My Photo

お知らせ

無料ブログはココログ

« 成り上がり者の時代 | Main | 日本の役割は、アジア経済発展か? »

November 14, 2010

男女逆転による成長戦略

 20代は、男性より女性の所得が多くなったそうだ。詳しい統計資料なしに断定はできないが、「男性の方が儲からない仕事をしている」という仮説も成り立つ。
 日本では、産業全体がサービス化しており、製造業よりサービス業、重厚長大産業より軽薄短小産業の景気が良いのは確かだろう。しかし、現在の中国では製造業が主役である。

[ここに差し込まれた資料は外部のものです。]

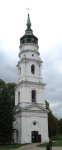 Basilika Mariä Geburt II (Chelm)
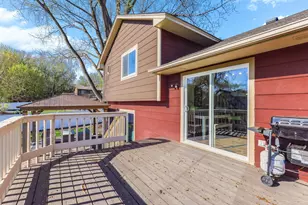 20828 Iran Ave, Lakeville, MN 55044 - Photo 15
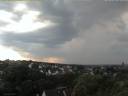 Vorschaubild von 16.08.2026 18:20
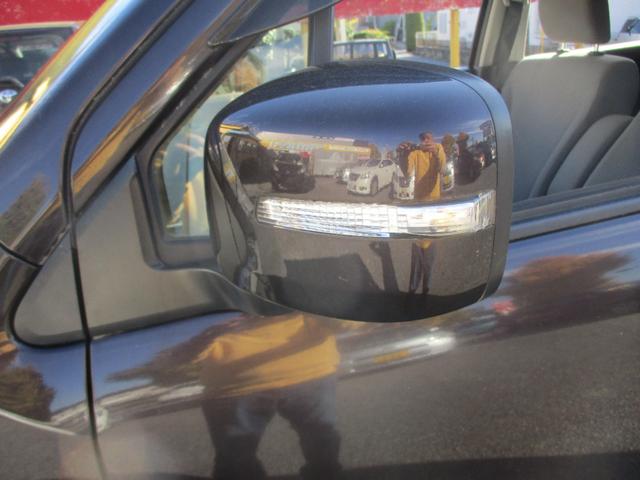 ワゴンＲ ＦＺ　ハイブリッド　１オーナー　ＣＤ　レーダーブレーキサポート　プッシュスタート　オートエアコン　ｉ－ｓｔｏｐ　オートライト　シートヒーター　禁煙車　スマートキー　アルミ（26枚目）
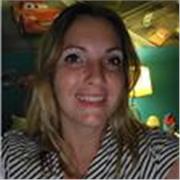 Professeur de chant et coach vocal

これまで日本の製造業を支えてきた日本人技術者が、世界の工場となった中国企業から高給で引き抜かれているというのもまた当然の帰結である。
 日本型経営である終身雇用、年功序列が崩壊してからの失われた20年間は、新規採用を抑制し、正社員から派遣社員などの非正規社員の比率を増やす企業が増えた。「イクメン」や「主夫」が流行語になるように、男女の役割も柔軟になっている。要は、稼げる人が稼いで、家事の得意な人が家事を行えばいいのだ。男性は会社で働き、女性は家事をするという固定的な役割が崩れてきたと言えよう。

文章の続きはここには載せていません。